Wal-Mart Stores Inc., which built its reputation — and a virulent opposition — on rock-bottom prices, has talked a lot lately about becoming a kinder, more responsible company.
But the retailing giant is finding that convincing the world that it is "committed to change," and to keeping costs low, is a tough balancing act.
On Monday, Chief Executive H. Lee Scott Jr. pledged to bring health insurance within reach of his 1.3 million U.S. employees. On Wednesday, a leaked company memo revealed "bold steps" to reign in Wal-Mart's employee benefit costs.
Among the recommendations: using more part-time workers, cutting life-insurance payouts, pushing spouses off health plans through higher premiums and trying to dissuade unhealthy people from seeking jobs by, among other things, requiring cashiers to gather carts in Wal-Mart's vast parking lots.
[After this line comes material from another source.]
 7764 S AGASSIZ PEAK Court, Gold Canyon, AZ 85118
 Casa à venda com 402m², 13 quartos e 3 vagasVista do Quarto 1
Thursday, October 27, 2005
As I said before . . .
Really not holding my breath now that this internal Wal-Mart memo has been leaked. Wal-Mart, champions of externalizing costs: we bring you low prices for cheap goods on the backs of a global workforce desperate to keep its collective head above water. I realize that arguments from analogy are generally quite weak, but to publicly announce that your company is focusing efforts on treating workers better while simultaneously launching an internal campaign against those same workers . . . well, folks, it's business as usual in Arkansas.